ミニレポート第286回 国道352号不通区間 栖吉町末端部 前編

所在地 新潟県長岡市
探索日 2011.05.17
公開日 2024.11.08

 稀少な国道不通区間の“未来が見えない”末端へ


令和6(2024)年11月時点で、国道の交通不能区間(≒まともな車道として繋がっていない区間)がどのくらい残っているか、ご存知だろうか。

ちなみに、全国の国道の総路線数は459本で、その合計延長(実延長)は約55000kmある。
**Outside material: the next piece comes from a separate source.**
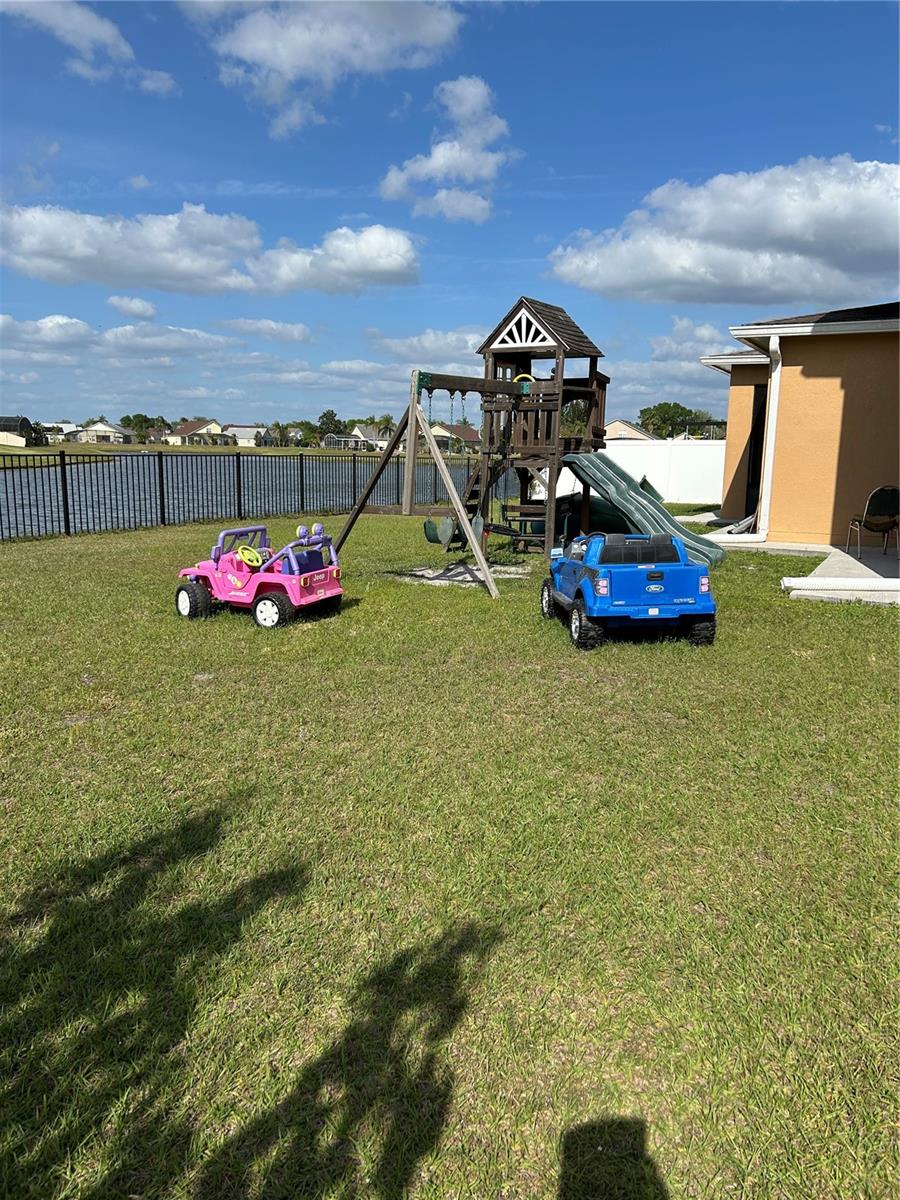 5406 Crepe Myrtle Cir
答えは、16路線、18ヶ所、合計195.7kmである。

上に掲載したのは、国交省の『道路データブック2024』の「一般国道における交通不能区間の状況(2023年(令和5年)6月末)」という資料だが、掲載されている路線のうち、国道417号の不通区間は同年11月の冠山峠道路開通によって解消したため、現時点では上記の数字になっていると思われる。
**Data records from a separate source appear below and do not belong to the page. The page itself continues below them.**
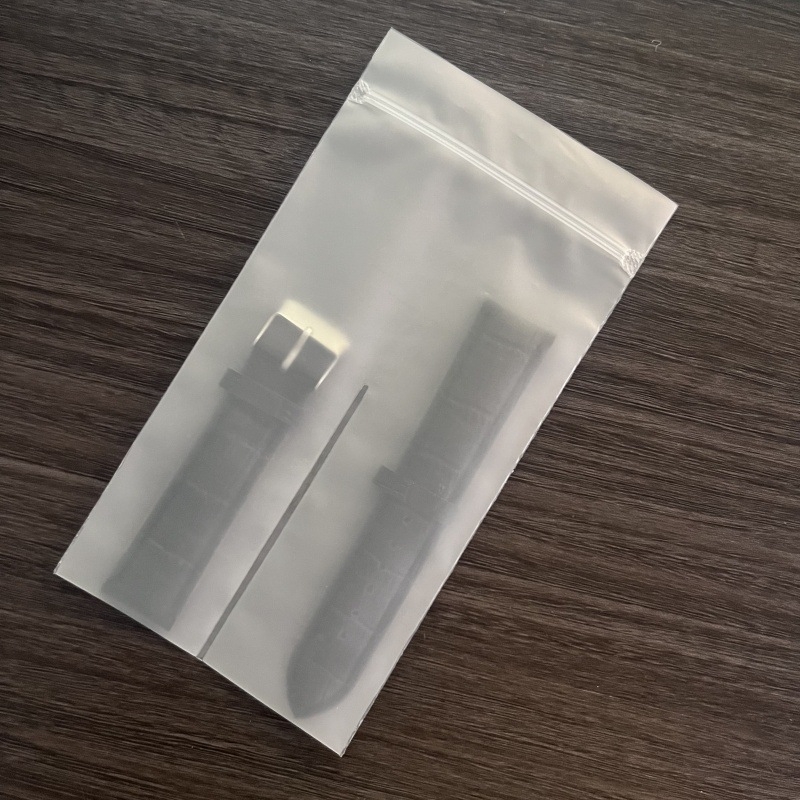 Pungă de ambalaj pentru ceas din CPE, mată, universală, cu design translucid în model pătrat, închidere cu fermoar, imprimare logo disponibilă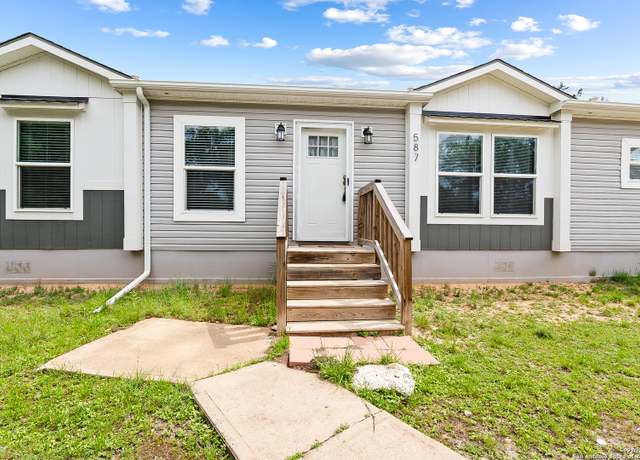 Property at 587 Inglewood, Canyon Lake, TX 78133, 3 beds, 2 baths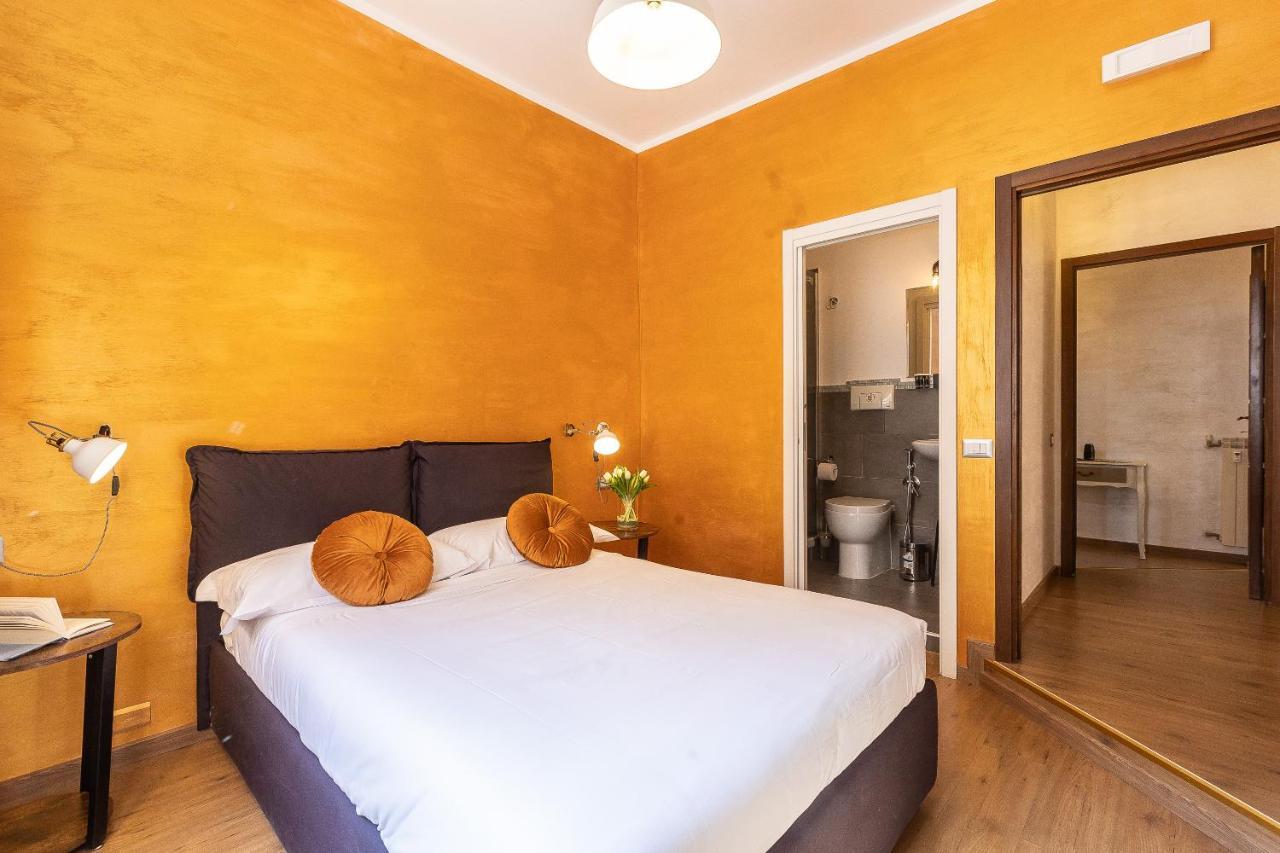Lovely New Via Genova Apartment *
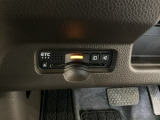 ハンドルの左下にETCがついています。高速道路の料金所の通過も楽々です。 カードの取り出しもしやすい場所についています。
この数字を多いと感じる人よりは、少ないと感じる人の方が多いと思う。
“酷道”と呼ばれるような未整備の国道も次第に減ってきているが、“酷道”以下の未整備状態である不通区間となると、これはもう相当稀少な存在なのだ。
しかも、そのうちのいくつかは不通の解消へ向けた事業が進められている最中だから、遠くない将来に返上となる見通しがある。ここのような永久的に解消されなさそうな路線も含まれているので、不通区間の“絶滅”は今のところ考えにくいが)
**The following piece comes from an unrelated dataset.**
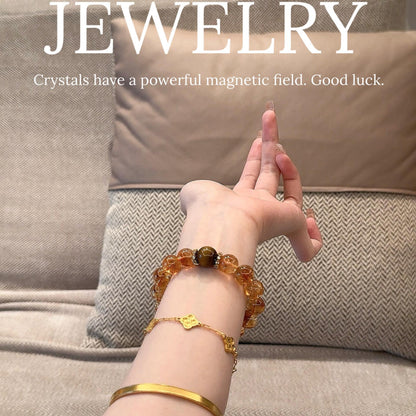 The daily wearing scenarios of modern women demonstrate the practical effect of comprehensively enhancing one's fortune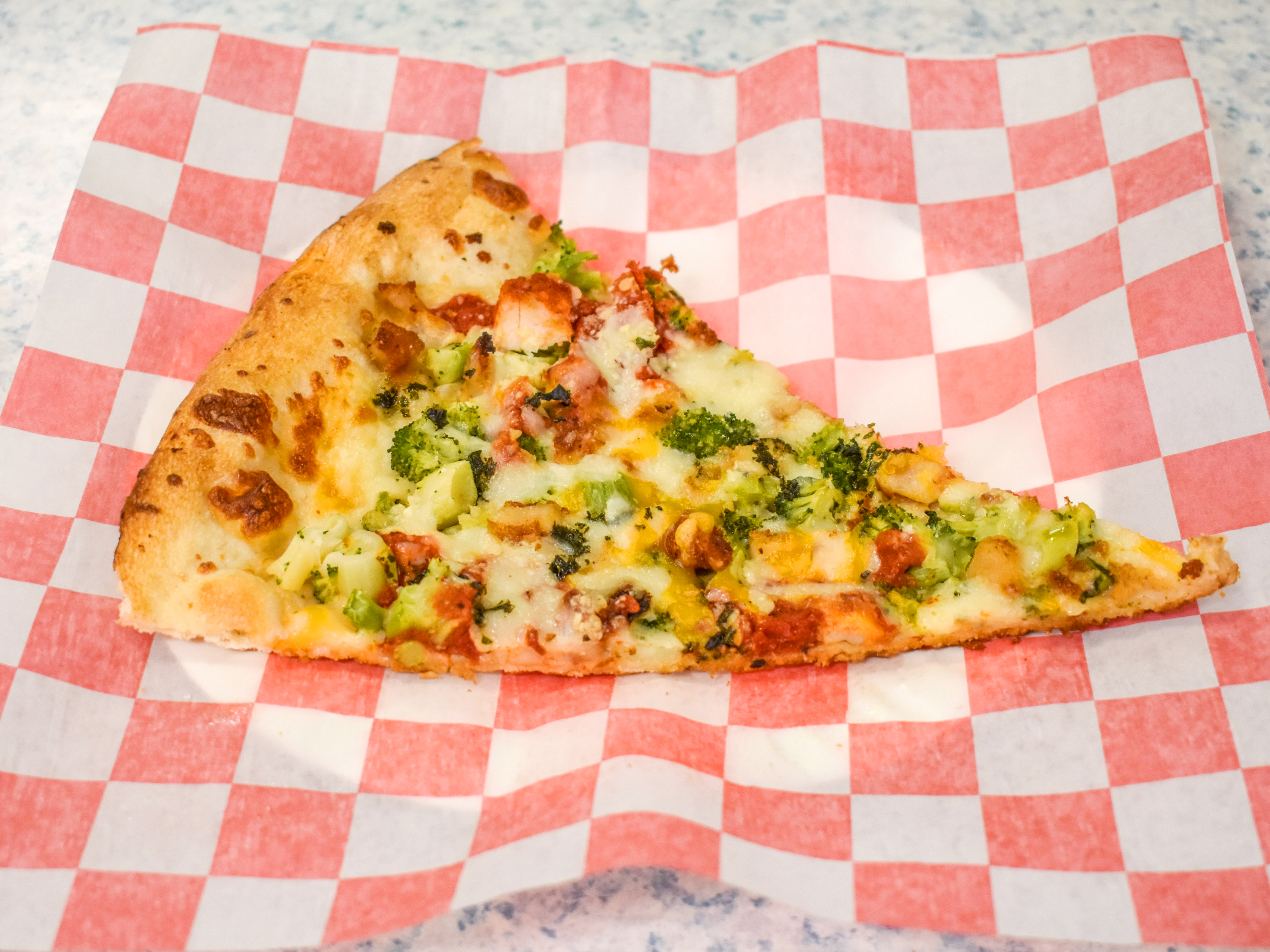 Order Chicken Broccoli Pizza food online from Sammy Pizzeria store, Ithaca on bringmethat.com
今回取り上げるのは、上記リストの赤枠のところにある、国道352号の不通区間である。
総延長が331.7km(重複区間を除いた実延長は240.6km)もある長い国道352号には、全国屈指の“酷道”として名高い福島〜新潟県境区間の「樹海ライン」があるのだが、そこを通り抜けた先の新潟県長岡市の萱峠には、全長4.9kmの【自動車交通不能区間】未改良道路(供用を開始している)のうち幅員、曲線半径、勾配その他道路状況により、最大積載量4トンの貨物自動車が通行でき ない区間が地味に存在する。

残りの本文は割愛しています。